> _BRIEF_: Make an exact copy of the lines from the one containing "Again, all the" through the end of the material, including both ends but no pictures.

> _INPUT MATERIAL_:
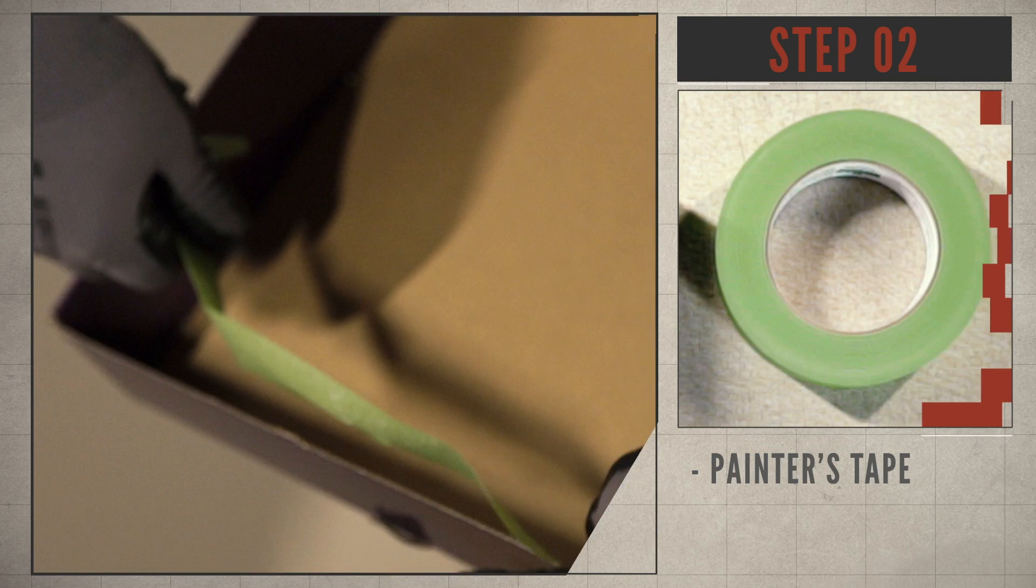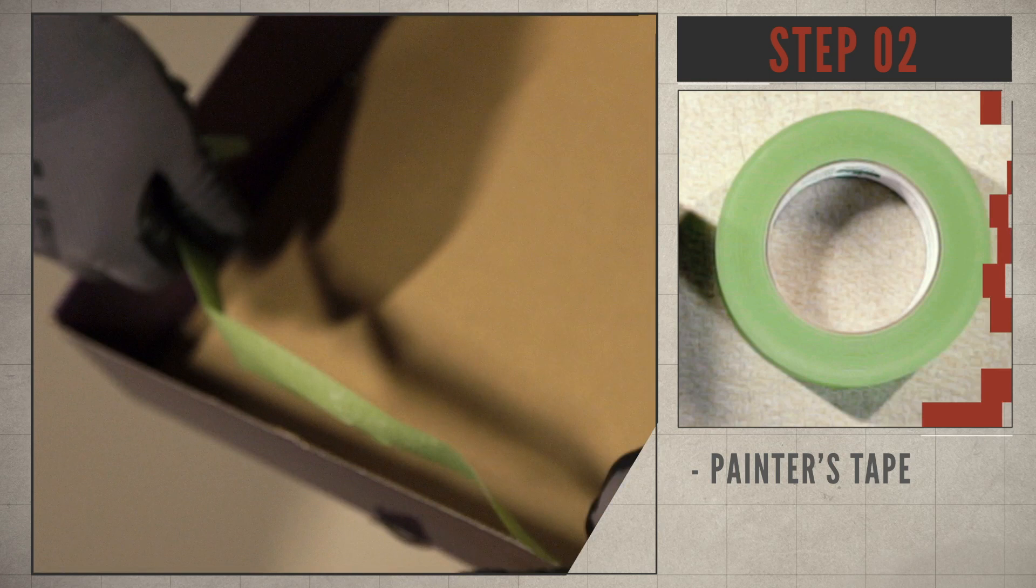Step two is to take some painters tape or frog tape and attach the box just below the area you're going to cut the hole.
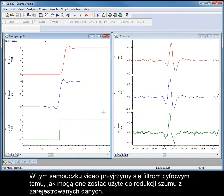In this video tutorial, we will look at digital filters and how they can be used to reduce noise contamination in recorded data.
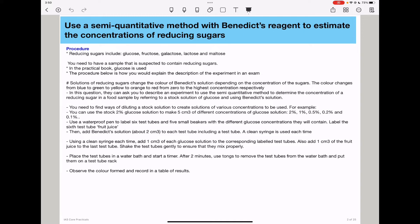In the next step, you will place them in a water bath and start a timer to allow them 2 minutes so that they can interact. You will then use tongs to remove the test tubes from the water bath and put them onto a test tube rack. Then observe the colors that are formed and record your results in a suitable table.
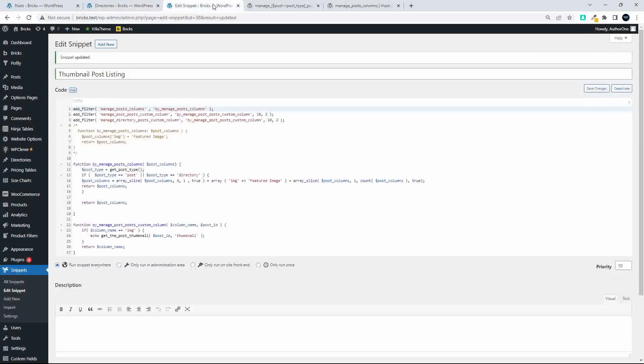So in the previous video we looked at how to put this code together, and in this one we're just having a look at how to target custom post types. I hope you found that useful. Thank you for watching.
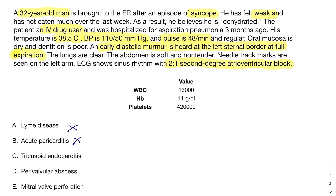Tricuspid endocarditis seems like a very good answer choice — IV drug user, very common on the right side of the heart. When you inject through veins, the veins empty into the right side, so infection usually hits the tricuspid valve first, causing regurgitation. However, the murmur description makes this less likely.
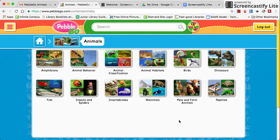Good morning and welcome to the PebbleGo video. We have this database at both Sherrard Elementary and Winola Elementary this year, so I'm just going to go over some of the features so you have an overview of what's available.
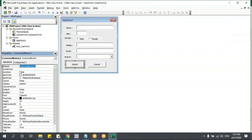Now if I double-click on a control, it says 'txt_name'. Double-click another — 'txt_mobile'. Now it is easy for me to recognize the control and write the program on that particular control. Otherwise, if it's TextBox1, TextBox2, it will be very difficult to recognize them.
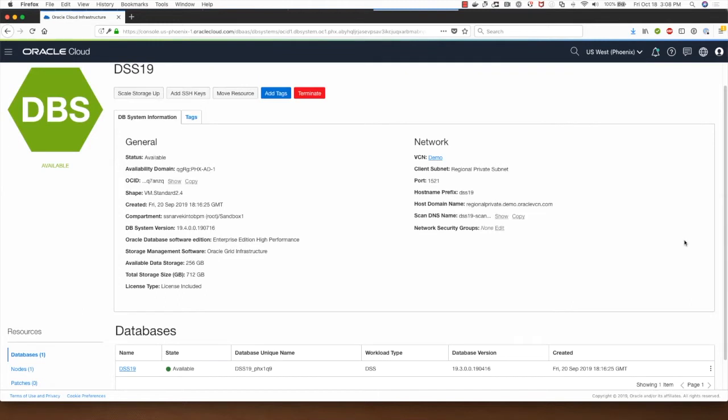Hi, my name is Sanjay Narvekar. I'm a product manager in the Oracle Cloud Infrastructure team.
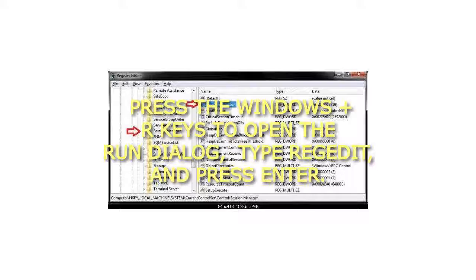Step 2: If prompted by UAC, then click on Yes. Step 3:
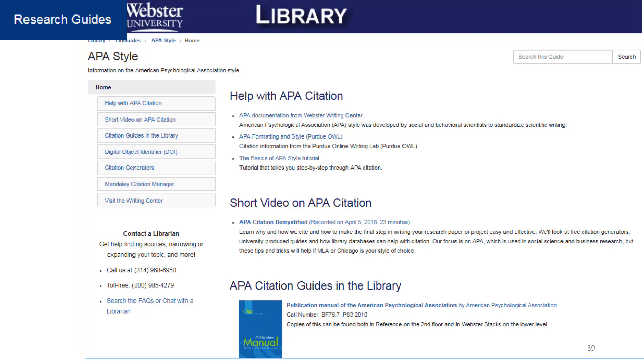There is also a short video on how to cite in APA, or contact us if you need help with a citation.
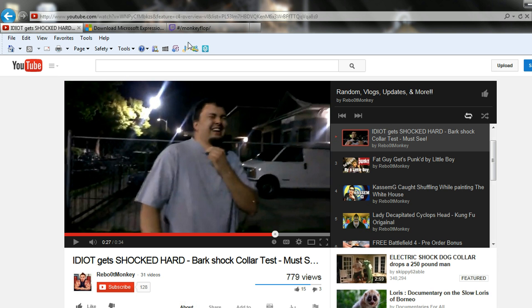Again, all the links are in the description down below. Go ahead and check that out and I'll see you guys later. Peace.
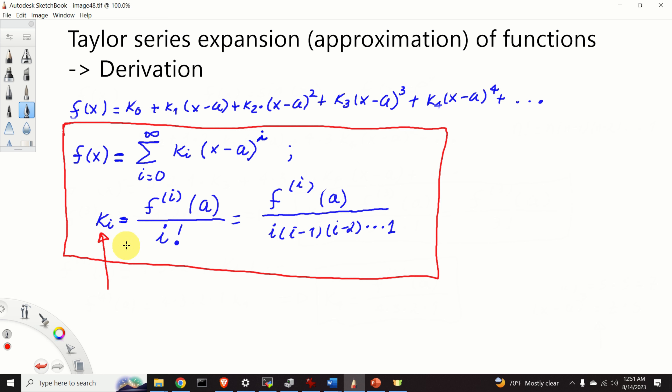Sufficiently smooth functions can be approximated by relatively few terms. In this tutorial you learned how to recursively derive the Taylor series coefficients so you can easily remember them. I hope you liked this video — please press the like and subscribe buttons. Thanks a lot and have a nice day.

> _RESULT_:
Again, all the links are in the description down below. Go ahead and check that out and I'll see you guys later. Peace.
Sufficiently smooth functions can be approximated by relatively few terms. In this tutorial you learned how to recursively derive the Taylor series coefficients so you can easily remember them. I hope you liked this video — please press the like and subscribe buttons. Thanks a lot and have a nice day.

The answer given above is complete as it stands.